Kutlay Erk: Görev süresi boyunca açıkça söyleyemediği fikirlerini paylaşmak istedi
Dışişleri Eski Bakanı ve Eski Özel Temsil Temsilci Kutlay Erk, Stewart’ın açıklamalarını değerlendirerek, “Stewart giderayak bazı açıklamalar yaptı ama daha önce görevi devam ettiği süre içerisinde, açıkça söyleyemediği fikirlerini paylaşmak istedi. Kendi gördüğü gerçekleri beyan etti. Bende büyük oranda bu gerçekleri görüyorum. Temelde iki halkta da federal çözüm üzerinde büyük bir sempati vardır. Ancak liderler sorunludur. Liderler ayrı uçlaradır. Dolayısıyla bu yönden kendisine katılıyorum. Aynı şeyleri değerlendiriyoruz. Her zaman için istediğimiz, BM diplomatları bu gördükleri gerçekleri herhangi bir tarafı rahatsız etmemek için yuvarlayarak değil, görev süresi boyunca ifade etmelerini tercih ederdik. Ancak diplomasi buna engel oluyor. Aynısını bizde de gözlemliyorum” diye konuştu.
Ata Atun: Kendine verilen görevin ağzıyla konuşuyor
Profesör Doktor Ata Atun, Stewart’ın açıklamalarını şiddetle kınayarak, “Tamamen kendine verilen görevin ağzıyla konuşuyor. Hiçbir zaman tarafsız değil. Kendisine verilen talimatlarla ilgili Yorumlar yapmış bunlar doğru değil. Ben ayrılırken bana kimse laf etmesin anlayışıdır o kadar” dedi.
Konuşmasının devamında Atun, “ İki devletli çözüm zemin kazandı. Büyük devletler artık federasyonun öldüğüne inanıyor. Eğer Rusya, Amerika, Fransa, İngiltere gibi büyük devletlerin verdikleri demeçlerin ve yaptıkları açıklamaların satır aralarını okursanız bunu çok net görmek mümkündür. Durmadan Rum Yönetiminin ve Yunanistan’ın yaptıkları baskılarla belki federasyon konuşulur diyorlar ama onlar da buna inanmıyor.
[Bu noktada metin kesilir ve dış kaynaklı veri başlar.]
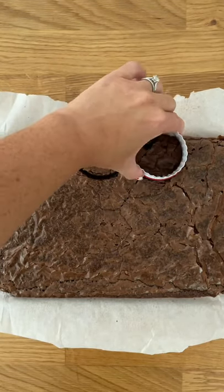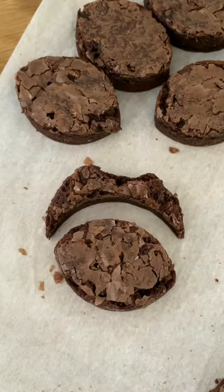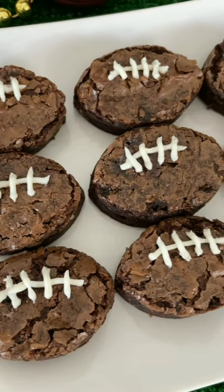Use a circle cutter to make football-shaped ovals in your brownies. Snack on the excess while you use cake decorating icing to pipe on laces.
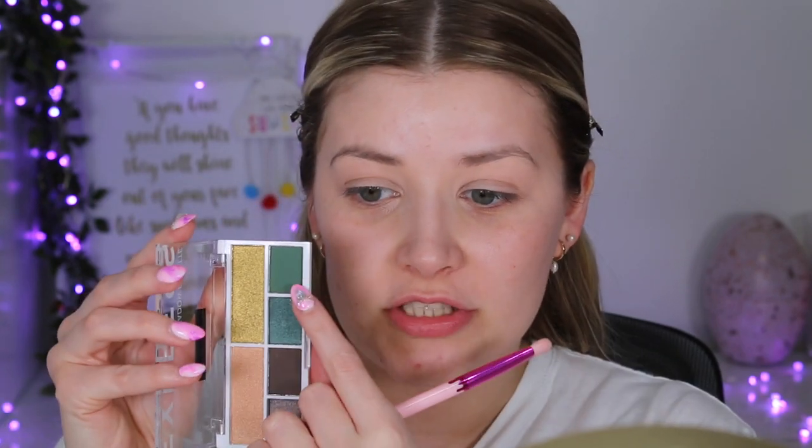The packaging does feel more on the cheap side, but it's three pounds for an eyeshadow palette — it's meant to be really affordable, that's the whole purpose of the brand. I'm going to start with an i Heart Revolution brush from a Christmas gift set and go in with the green shade first, putting it straight into the crease.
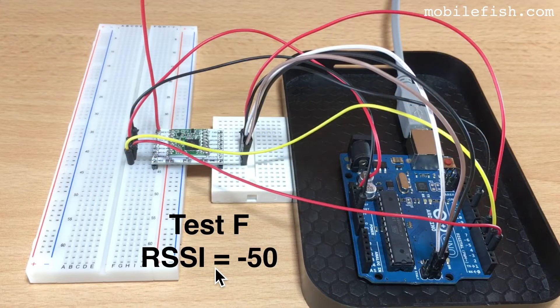This is test F, the last test, where the LoRa node is using a wire antenna. The wire antenna has a length of 86 millimeters for a frequency of 868 megahertz. The receive signal strength is minus 50.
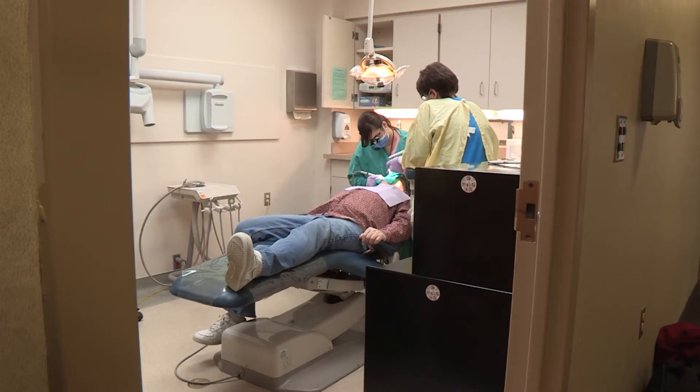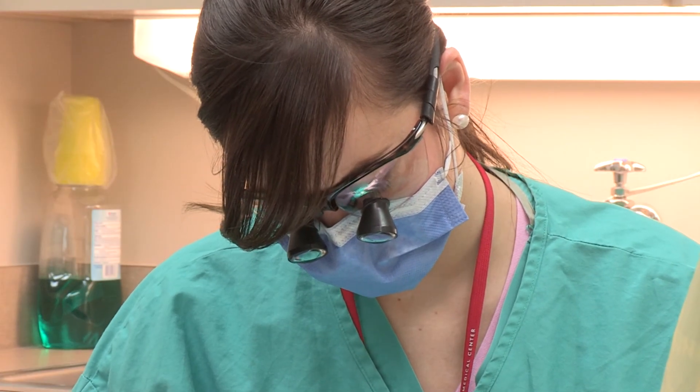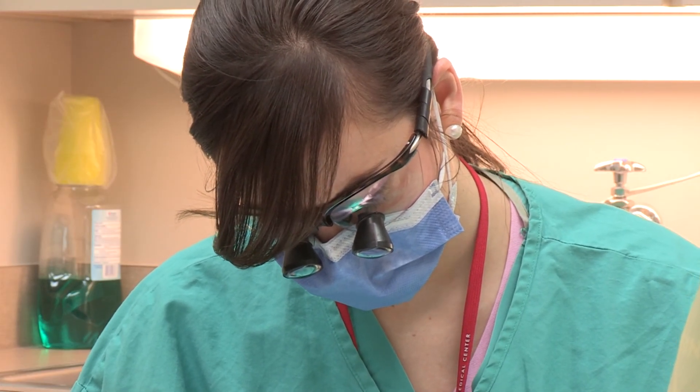They're much more aesthetic, pretty, you don't notice them. If you have questions about which type you want to use, ask your dentist.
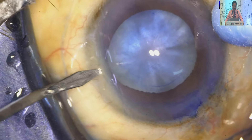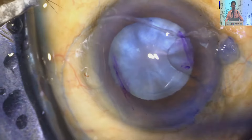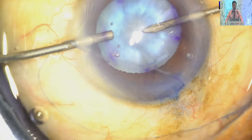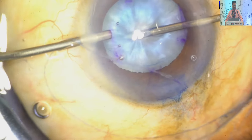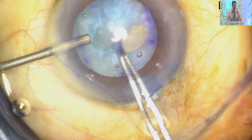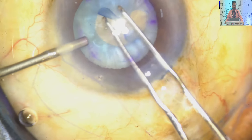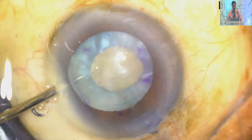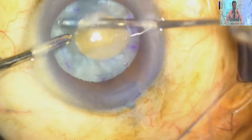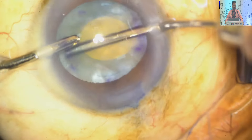Again, two simultaneous incisions. The important point is that simultaneously you are aspirating as well as pouring the viscoelastic inside the anterior chamber from the other end. This is the aspiration with the needle — at the same time you are pouring visco from the other end. I have also developed an automated technique of visco delivery, but one can also use manual visco delivery. This is the small capsulorhexis I have made, and then I have aspirated and decompressed the capsular bag so that there will not be any Argentina flag sign.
Artık Türkiye’nin bölgesel gücü ortaya çıktığı için Türkiye’yi büyük devletler karşılarına almak istemiyorlar ve federasyonu masaya koyamıyorlar” dedi.
Atun, konuşmasının sonunda ise Stewart’ın kendisine verilen talimatları yerine getirdiğini ifade ederek, “Stewart bu açıklamasıyla bana verilen talimatları yerine getirdim demek istiyor. O kadar. Açıklamaları ve yorumlarını doğru bulmuyorum” diye konuştu.